What it means for you
Banks must now treat unhedged forex exposure as a critical credit risk factor and adjust pricing accordingly. Failure to do so could increase NPA risks, especially for corporates with large foreign currency borrowings. The RBI expects banks to proactively monitor and limit these exposures through board-approved policies.
What you must do
- Implement a robust mechanism to evaluate unhedged forex exposure risks for all corporate clients, including SMEs.
- Price these risks into the credit risk premium for fund-based and non-fund-based facilities.
- Set board-approved limits on unhedged positions for corporates.
- Submit compliance/action taken reports to RBI by end-December 2012, with board approval.
- Ensure consortium leader or bank with largest exposure monitors unhedged forex exposure in multiple banking arrangements.
Who it affects
All scheduled commercial banks (excluding RRBs), Corporate clients with foreign currency exposure, SMEs with foreign currency exposure, Banks' credit risk and treasury departments
What is the key risk RBI is addressing with this circular?

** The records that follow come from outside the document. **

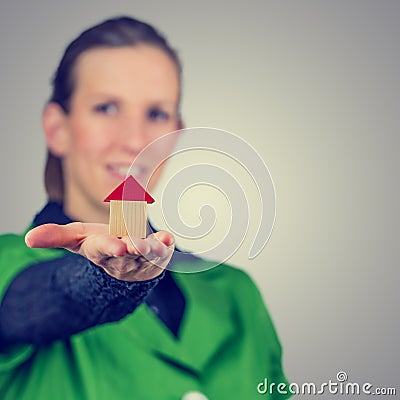 Female real estate agent holding out a model house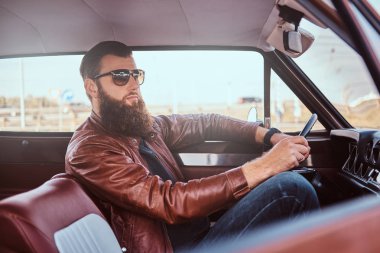 Sakallı erkek güneş gözlüğü retro bir araba kahverengi deri ceket giymiş.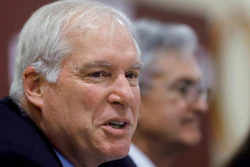 In this Nov. 25, 2019 file photo Federal Reserve Bank of Boston President Eric Rosengren, left, speaks during a round table discussion at Silver Lane Elementary School, in East Hartford, Conn. Rosengren said in remarks delivered online Wednesday, Aug. 12, 2020, that states in the South and West that allowed their businesses to reopen after short shutdowns saw an initial burst of economic activity. But spikes in infection rates soon followed and those states’ economies are now lagging those in the Northeast as consumers have become more cautious.
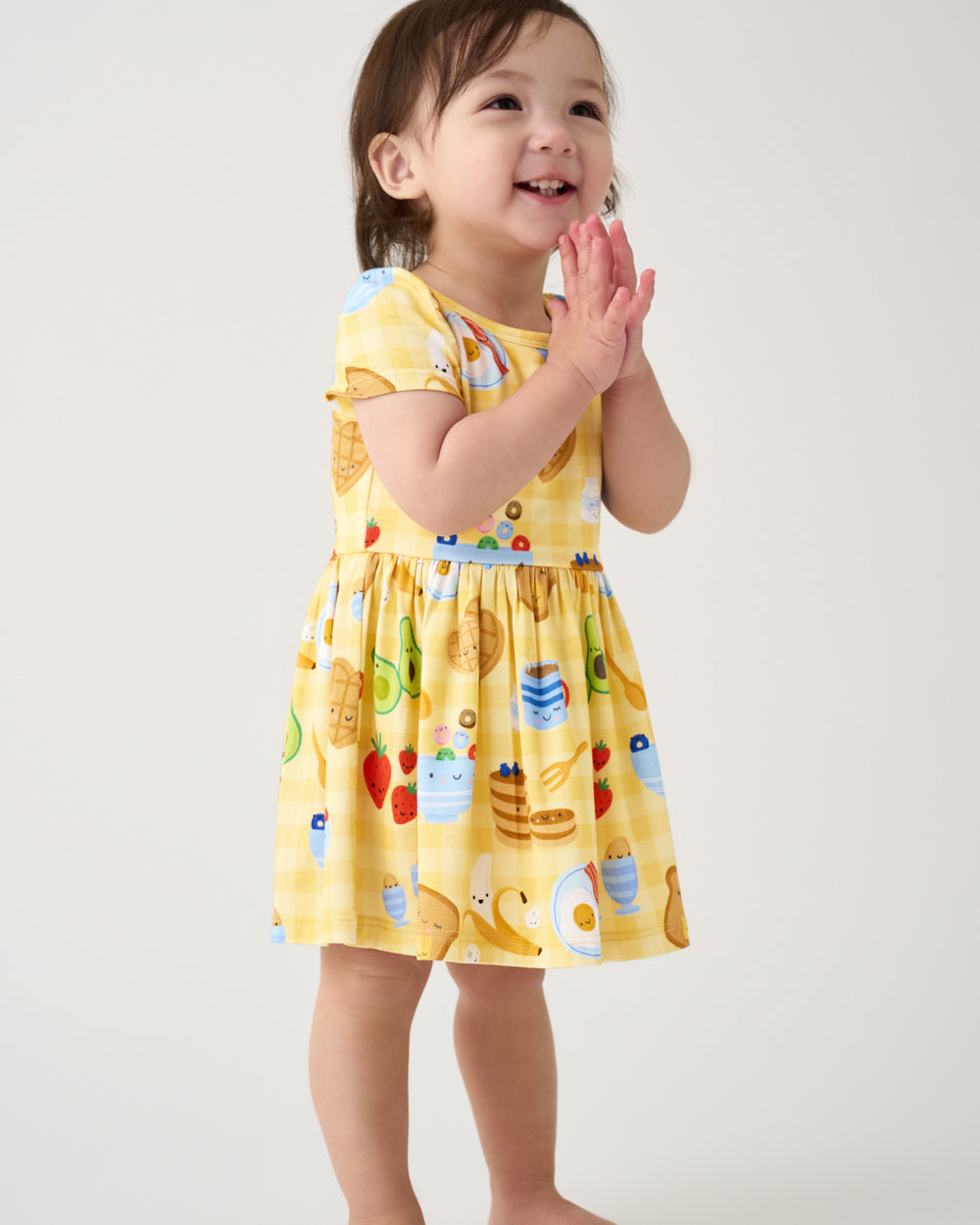 Girl wearing the Breakfast Bunch Skater Dress with Bodysuit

RBI is concerned that unhedged foreign currency exposure of corporates poses risk to the corporates, the financing banks, and the financial system, and has led to NPAs in some cases.
What specific action must banks take by end-December 2012?
Banks must obtain board approval and submit a compliance/action taken report to RBI, including to the Department of Banking Supervision, detailing how they are evaluating and pricing unhedged forex risks.
Does this circular apply to all corporate clients or only large ones?
It applies to all clients, including SMEs, as per earlier instructions. Banks must consider exposures from all sources, including foreign currency borrowings and ECBs.